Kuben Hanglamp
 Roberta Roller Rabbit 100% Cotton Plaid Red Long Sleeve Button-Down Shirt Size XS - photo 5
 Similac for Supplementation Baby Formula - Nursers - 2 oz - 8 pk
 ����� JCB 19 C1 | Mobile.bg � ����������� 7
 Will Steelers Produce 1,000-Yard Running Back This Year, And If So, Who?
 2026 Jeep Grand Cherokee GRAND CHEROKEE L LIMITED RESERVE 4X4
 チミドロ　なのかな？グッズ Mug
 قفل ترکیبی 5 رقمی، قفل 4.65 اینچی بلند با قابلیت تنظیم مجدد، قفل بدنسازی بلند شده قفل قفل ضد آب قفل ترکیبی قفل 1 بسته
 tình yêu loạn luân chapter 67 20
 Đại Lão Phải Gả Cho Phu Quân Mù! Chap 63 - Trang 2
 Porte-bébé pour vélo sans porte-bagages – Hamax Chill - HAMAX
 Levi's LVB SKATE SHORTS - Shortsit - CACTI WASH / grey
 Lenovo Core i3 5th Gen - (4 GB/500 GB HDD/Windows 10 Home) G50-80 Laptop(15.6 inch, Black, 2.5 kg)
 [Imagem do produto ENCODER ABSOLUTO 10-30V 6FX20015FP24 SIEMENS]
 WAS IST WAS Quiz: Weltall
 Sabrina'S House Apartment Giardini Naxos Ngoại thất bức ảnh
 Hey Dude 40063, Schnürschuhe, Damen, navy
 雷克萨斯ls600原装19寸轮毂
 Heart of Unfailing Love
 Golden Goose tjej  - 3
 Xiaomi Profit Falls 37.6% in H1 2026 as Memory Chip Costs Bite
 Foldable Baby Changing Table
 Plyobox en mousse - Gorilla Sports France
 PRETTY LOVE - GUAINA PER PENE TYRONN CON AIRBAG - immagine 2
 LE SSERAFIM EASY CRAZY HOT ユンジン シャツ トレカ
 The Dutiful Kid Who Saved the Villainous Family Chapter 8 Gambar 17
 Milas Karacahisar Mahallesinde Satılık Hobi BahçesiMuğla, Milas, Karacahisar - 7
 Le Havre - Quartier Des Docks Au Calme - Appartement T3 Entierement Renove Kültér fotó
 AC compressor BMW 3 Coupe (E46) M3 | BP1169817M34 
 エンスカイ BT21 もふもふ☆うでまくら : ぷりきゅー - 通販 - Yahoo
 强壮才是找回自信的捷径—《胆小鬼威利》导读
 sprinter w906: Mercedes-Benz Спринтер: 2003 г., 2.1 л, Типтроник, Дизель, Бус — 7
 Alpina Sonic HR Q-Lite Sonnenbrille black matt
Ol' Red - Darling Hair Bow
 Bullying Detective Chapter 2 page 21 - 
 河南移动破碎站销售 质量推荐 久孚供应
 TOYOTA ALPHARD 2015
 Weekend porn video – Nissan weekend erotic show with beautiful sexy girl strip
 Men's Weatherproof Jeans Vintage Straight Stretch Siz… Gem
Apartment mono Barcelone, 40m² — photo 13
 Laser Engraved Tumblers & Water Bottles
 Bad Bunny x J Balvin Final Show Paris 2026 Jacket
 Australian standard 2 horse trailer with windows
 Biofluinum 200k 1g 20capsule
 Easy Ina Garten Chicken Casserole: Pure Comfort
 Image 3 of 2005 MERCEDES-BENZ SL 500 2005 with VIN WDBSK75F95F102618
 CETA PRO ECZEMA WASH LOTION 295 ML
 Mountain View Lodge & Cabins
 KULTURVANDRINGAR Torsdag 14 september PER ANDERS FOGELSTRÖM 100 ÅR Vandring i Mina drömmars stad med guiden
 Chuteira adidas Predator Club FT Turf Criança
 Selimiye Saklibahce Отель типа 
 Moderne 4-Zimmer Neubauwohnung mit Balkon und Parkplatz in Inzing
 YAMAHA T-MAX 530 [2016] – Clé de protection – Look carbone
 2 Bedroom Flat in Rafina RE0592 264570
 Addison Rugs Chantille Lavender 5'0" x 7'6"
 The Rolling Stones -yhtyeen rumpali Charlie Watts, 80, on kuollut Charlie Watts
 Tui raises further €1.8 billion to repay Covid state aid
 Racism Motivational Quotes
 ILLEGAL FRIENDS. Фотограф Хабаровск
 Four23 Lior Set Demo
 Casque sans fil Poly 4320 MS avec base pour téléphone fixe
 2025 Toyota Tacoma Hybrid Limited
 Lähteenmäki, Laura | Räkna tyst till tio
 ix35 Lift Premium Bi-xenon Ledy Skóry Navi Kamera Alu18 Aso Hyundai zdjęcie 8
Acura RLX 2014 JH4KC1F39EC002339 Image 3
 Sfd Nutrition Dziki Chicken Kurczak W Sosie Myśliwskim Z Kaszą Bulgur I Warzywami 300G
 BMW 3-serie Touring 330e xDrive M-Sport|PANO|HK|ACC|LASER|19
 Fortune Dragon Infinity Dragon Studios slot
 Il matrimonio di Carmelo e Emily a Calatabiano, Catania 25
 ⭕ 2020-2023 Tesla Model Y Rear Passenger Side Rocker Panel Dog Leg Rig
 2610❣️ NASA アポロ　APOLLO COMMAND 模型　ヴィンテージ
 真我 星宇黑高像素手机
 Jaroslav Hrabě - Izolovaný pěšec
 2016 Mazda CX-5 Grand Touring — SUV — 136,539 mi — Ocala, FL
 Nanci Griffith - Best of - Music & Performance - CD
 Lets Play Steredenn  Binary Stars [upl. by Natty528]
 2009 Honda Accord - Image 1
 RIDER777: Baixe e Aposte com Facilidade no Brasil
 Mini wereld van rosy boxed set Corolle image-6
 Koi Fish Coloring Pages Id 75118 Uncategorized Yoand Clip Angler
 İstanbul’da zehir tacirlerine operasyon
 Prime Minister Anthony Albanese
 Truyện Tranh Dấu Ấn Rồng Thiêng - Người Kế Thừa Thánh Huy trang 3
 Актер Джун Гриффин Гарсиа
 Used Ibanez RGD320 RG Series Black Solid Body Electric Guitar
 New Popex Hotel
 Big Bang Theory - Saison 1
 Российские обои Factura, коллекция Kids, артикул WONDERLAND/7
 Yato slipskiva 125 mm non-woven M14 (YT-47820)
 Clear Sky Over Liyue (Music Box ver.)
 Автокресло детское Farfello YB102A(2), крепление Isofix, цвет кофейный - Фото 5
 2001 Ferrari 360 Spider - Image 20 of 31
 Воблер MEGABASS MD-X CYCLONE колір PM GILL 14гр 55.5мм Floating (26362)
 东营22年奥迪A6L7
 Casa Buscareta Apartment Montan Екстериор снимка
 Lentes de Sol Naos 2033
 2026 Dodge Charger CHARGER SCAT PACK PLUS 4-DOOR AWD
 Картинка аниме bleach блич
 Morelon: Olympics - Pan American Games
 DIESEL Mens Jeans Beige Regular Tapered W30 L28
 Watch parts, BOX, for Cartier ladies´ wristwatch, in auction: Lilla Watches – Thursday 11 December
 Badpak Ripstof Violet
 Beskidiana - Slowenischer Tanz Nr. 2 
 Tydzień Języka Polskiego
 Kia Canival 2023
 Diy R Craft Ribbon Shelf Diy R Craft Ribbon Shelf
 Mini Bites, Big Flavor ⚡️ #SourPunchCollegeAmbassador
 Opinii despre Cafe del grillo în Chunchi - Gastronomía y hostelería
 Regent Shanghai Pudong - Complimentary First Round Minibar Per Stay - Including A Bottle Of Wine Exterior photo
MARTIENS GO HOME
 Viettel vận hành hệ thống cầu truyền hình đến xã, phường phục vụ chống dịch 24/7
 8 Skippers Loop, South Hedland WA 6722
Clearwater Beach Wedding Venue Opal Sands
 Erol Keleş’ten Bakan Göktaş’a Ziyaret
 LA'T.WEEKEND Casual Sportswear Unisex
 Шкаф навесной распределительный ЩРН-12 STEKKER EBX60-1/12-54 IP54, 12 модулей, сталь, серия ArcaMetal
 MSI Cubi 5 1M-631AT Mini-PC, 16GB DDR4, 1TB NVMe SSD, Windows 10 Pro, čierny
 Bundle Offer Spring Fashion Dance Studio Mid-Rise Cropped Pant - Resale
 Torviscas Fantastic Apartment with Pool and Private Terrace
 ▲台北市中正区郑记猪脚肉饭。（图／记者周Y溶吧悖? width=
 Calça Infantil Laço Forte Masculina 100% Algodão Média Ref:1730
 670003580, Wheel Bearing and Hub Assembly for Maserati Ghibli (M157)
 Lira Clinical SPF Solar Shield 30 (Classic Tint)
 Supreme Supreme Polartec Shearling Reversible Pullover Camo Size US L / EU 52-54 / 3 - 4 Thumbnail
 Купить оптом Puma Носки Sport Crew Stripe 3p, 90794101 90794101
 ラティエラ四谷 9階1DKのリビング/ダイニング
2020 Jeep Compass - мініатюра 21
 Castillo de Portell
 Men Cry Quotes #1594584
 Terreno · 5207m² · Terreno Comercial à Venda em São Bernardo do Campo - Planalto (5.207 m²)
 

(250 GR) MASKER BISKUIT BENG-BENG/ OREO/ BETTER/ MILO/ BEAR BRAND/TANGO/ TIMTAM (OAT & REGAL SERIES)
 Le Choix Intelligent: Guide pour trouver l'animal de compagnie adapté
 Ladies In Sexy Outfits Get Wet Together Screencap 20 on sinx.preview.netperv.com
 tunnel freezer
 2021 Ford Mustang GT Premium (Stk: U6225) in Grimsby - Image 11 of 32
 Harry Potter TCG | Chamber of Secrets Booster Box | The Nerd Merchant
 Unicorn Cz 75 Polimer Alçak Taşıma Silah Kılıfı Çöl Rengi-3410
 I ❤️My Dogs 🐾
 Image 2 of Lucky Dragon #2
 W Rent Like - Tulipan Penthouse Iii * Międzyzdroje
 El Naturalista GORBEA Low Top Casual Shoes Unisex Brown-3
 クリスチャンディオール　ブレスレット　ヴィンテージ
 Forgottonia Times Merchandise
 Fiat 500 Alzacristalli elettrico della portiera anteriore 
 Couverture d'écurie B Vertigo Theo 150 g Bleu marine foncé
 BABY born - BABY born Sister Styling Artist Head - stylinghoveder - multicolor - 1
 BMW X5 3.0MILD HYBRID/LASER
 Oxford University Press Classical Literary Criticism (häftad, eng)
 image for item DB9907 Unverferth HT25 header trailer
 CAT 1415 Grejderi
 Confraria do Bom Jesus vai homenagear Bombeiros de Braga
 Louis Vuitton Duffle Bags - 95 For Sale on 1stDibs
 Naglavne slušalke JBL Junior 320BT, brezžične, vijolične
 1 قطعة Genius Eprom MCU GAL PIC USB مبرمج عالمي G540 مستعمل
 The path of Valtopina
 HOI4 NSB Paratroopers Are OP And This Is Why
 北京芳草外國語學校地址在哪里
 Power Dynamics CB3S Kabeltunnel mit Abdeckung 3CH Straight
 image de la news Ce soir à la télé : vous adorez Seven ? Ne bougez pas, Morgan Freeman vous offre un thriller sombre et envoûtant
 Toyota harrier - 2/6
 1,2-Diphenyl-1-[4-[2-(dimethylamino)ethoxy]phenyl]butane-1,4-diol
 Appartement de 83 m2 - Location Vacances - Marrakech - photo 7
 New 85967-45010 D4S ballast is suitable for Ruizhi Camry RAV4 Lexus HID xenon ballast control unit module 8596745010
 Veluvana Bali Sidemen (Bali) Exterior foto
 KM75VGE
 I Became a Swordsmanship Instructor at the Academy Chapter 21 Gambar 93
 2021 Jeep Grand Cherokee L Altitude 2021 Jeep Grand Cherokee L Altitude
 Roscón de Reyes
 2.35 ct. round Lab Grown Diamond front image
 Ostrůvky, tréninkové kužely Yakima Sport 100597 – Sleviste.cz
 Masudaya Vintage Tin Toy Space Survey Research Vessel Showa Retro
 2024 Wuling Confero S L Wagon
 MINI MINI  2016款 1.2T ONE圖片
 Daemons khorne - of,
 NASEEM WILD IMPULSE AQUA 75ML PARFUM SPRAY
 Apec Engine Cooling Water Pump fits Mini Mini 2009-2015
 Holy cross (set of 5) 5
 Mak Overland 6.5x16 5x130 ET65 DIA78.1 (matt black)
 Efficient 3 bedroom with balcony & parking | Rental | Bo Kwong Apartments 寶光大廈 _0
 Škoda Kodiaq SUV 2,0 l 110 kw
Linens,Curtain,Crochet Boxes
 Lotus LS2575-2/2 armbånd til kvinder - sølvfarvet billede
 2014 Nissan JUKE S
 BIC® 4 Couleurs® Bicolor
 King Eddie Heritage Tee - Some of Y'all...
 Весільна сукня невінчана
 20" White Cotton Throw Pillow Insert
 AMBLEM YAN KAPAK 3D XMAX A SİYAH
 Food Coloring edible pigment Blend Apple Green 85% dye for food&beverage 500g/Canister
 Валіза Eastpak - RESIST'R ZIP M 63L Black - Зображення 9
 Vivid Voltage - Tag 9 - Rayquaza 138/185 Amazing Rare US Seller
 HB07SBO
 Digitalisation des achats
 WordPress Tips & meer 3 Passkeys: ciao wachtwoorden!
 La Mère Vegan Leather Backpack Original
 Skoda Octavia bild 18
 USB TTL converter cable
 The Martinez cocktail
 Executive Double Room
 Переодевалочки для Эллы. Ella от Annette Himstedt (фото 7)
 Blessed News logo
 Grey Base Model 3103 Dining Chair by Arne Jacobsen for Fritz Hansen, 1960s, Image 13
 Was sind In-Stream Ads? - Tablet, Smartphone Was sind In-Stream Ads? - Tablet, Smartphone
☆ ☆ ☆ ☆
Description of the task — Reproduce every line of the material above that has the string "with".

Reply —
 Weekend porn video – Nissan weekend erotic show with beautiful sexy girl strip
 Australian standard 2 horse trailer with windows
 Image 3 of 2005 MERCEDES-BENZ SL 500 2005 with VIN WDBSK75F95F102618
 Torviscas Fantastic Apartment with Pool and Private Terrace
 Efficient 3 bedroom with balcony & parking | Rental | Bo Kwong Apartments 寶光大廈 _0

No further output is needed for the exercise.